The Superhero Reader
Page 14
But what is “escape”? If it means a temporary psychological and intellectual disengagement from the tensions and problems of “real” life, the type of entertainment referred to above will not serve. For “pop romance” (a term that will be used throughout this paper to designate television programs, films, and comic strips in the adventure category) is typically replete with tensions and problems, and those not usually very far removed from present reality. A few years ago it might have been argued that the frequent threats and acts of violence to be found in pop romance made the genre escapist by virtue of sheer hyperbole, but our growing awareness of how violent our reality actually is weakens that case.
It might better be argued that the “escapism” of pop romance resides paradoxically in the security it generates: we know, deep down in our hearts, that Batman will not be turned into a human shish kabob by “The Joker,” that Steve Canyon will in the end foil the attempt of the Chinese Reds to defoliate Central Park. If this argument has some validity, it follows that the “escapism” provided by pop romance involves not only emotional catharsis, the purgation of pity and fear, but also what might be called “value satisfaction,” that confirmation or reaffirmation of our value system which results from our seeing this value system threatened, but ultimately triumphant. For at least one of the things that happens when a hero like Batman or Steve Canyon wins out in the end—and not the least important thing—is that we experience at some level the defeat of Evil (as we imagine it) by the Good (as we have learned it). Even though we consciously are aware that such victories do not always occur in reality, there is a part of us which very much wants them to occur. We are of course unwilling to have such victories take place too easily, as the epic poets well realized, for an easy victory not only lacks dramatic force but paradoxically cheapens the value system the victory is to affirm by making it almost irrelevant.

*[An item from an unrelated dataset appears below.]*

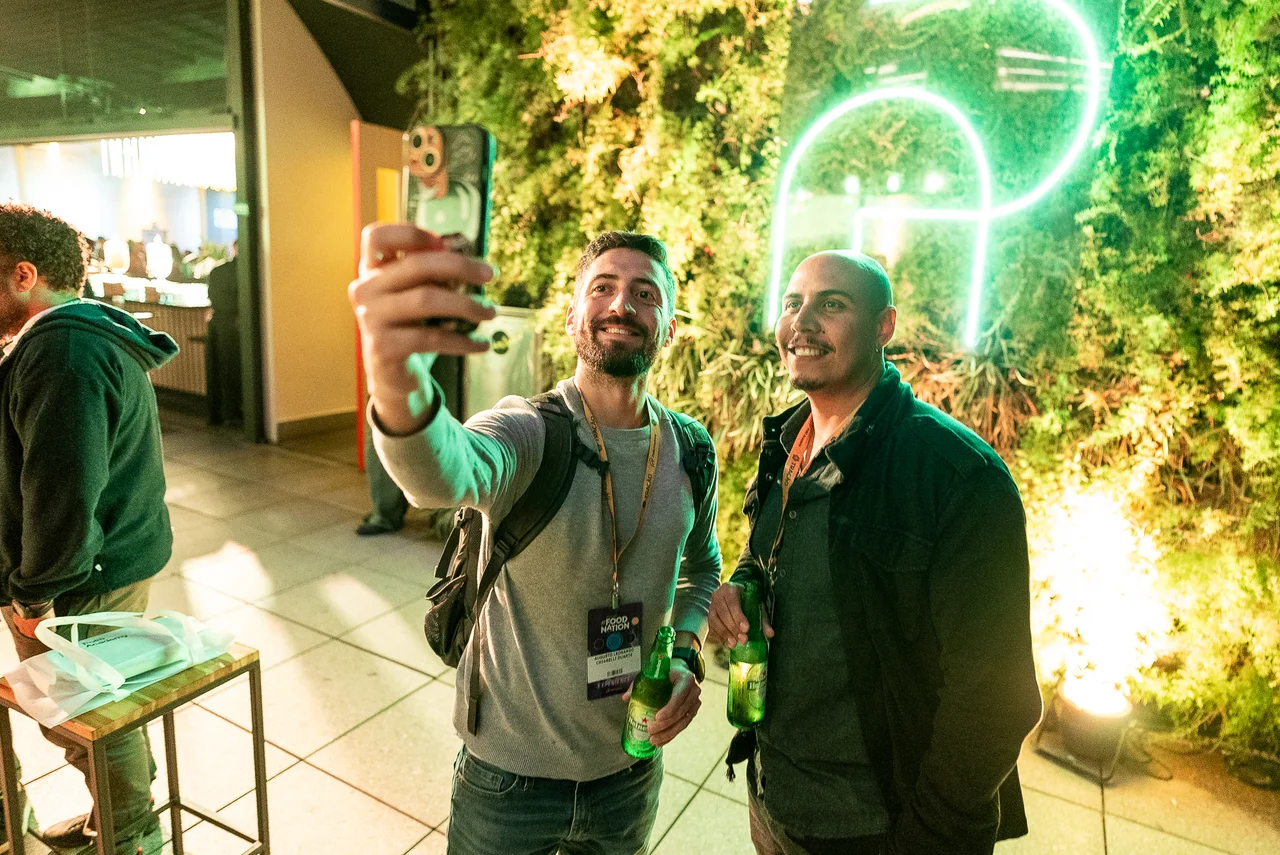 Pessoas tirando selfie em ambiente com luz neon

“Escapism” then, connoting a retreat to a state of mindlessness or euphoria, may well be the wrong term to use to justify or to attack anyone’s involvement in pop romance. Though adventure films, television programs, and comic strips (Cahiers du Cinema and Roy Lichtenstein notwithstanding) may be only pseudo- or semi-art, they need not be more “escapist” than “true” art. Or, as W. R. Robinson claims in his defense of films, “escape” (into the higher reality of moral truth) can be seen as a function of all forms of art:
The most persistent and unjust criticism leveled at the movies has been that they are sui generis “escapist.” But this critical term, the nastiest epithet conceivable within a very narrow-minded aesthetic of truth which sprung up alongside realism, absurdly distorts our sense of what art is or should be. It implies that only an art as grim and dour as the realist thought life to be under the aegis of materialism can qualify as serious aesthetic achievement. … Yet even in the dourest realistic view truth is a human triumph; through it man transcends suffering and determinism. Nikolai Berdyaev saw this clearly when he argued that all art is a victory over heaviness. It is always escape.1
Even popular art forms, Robinson continues, “are a part of man’s intellectual armament in this war to liberate himself from heaviness …,” for “by incarnating the Good, a spiritual entity, in a concrete form, art frees it to be.”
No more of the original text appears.